Rassf1A null and conditional mice are viable, healthy, and fertile.

Interbreeding of heterozygous (+/c1 or +/m2) mice produced homozygote conditional (c1/c1) and null (m2/m2) offspring at the expected Mendelian ratios. These mice were indistinguishable from littermate controls in terms of growth, development, and reproductive abilities. No histological differences could be seen between wild-type +/+, c1/c1, and m2/m2 mice in all tissues examined (heart, lung, spleen, brain, thymus, kidney, stomach, intestine, pancreas, and testis; data not shown). RT-PCR performed on m2/m2 lung cDNA confirmed the absence of Rassf1A exon 1α, while the other major isoform, Rassf1C, remained unaffected (Fig. 1C), as confirmed by quantitative RT-PCR (Fig. 1D). RT-PCR on c1/c1 lung cDNA showed that the conditional allele was spliced appropriately, the loxP site in the intron following exon 1α did not interfere with splicing from exon 1α to exon 2αβ, and, given that m2/m2 mice showed no obvious abnormalities, the c1 allele was not characterized further. However, conditional inactivation of Rassf1A using the c1/c1 mice will make it possible to evaluate the role of Rassf1A in specific tissues.

Lymphocyte development is normal in Rassf1A null mice.

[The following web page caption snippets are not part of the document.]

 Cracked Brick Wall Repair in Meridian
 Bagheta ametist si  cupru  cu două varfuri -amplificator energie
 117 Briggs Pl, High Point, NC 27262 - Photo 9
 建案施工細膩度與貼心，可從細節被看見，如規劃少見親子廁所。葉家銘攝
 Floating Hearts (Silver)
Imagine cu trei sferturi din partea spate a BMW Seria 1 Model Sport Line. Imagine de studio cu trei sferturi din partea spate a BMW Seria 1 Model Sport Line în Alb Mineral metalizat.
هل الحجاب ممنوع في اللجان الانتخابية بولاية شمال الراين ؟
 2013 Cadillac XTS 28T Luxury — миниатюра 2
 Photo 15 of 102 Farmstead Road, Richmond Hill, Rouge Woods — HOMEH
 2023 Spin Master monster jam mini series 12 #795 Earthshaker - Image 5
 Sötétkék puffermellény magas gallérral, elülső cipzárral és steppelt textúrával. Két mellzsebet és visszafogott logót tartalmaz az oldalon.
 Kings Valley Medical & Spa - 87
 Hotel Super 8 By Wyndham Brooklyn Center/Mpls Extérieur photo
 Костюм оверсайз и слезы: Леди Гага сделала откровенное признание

Rassf1A has been hypothesized to function as a negative regulator of cell cycle progression and cell proliferation (32). Given that tight cell cycle control is important for lymphocyte proliferation, we investigated the lymphocytic composition of thymuses and spleens from Rassf1A null mice. Loss of Rassf1A did not grossly affect thymic or splenic weight at either 6 to 7 weeks of age or 7 months of age (data not shown). Analysis of thymuses from Rassf1A null mice showed a thymocyte population comprising mainly double-positive (CD4+ CD8+) T cells, nearly identical to that of wild-type mice (Fig. 2A). Furthermore, similar proportions of mature CD4+ and CD8+ T cells were present in the spleens of wild-type and Rassf1A null mice (Fig. 2B). FACS analysis also demonstrated that the percentage of cells in the thymus and spleen that expressed CD2 (T-cell lineage) or CD45R (B220) (B-cell lineage) antigens, respectively, were unchanged in Rassf1A null mice (Fig. 2A). Thus, loss of Rassf1A gene function does not affect the lymphocytic component of the immune system.

FIG. 2.

FIG. 2.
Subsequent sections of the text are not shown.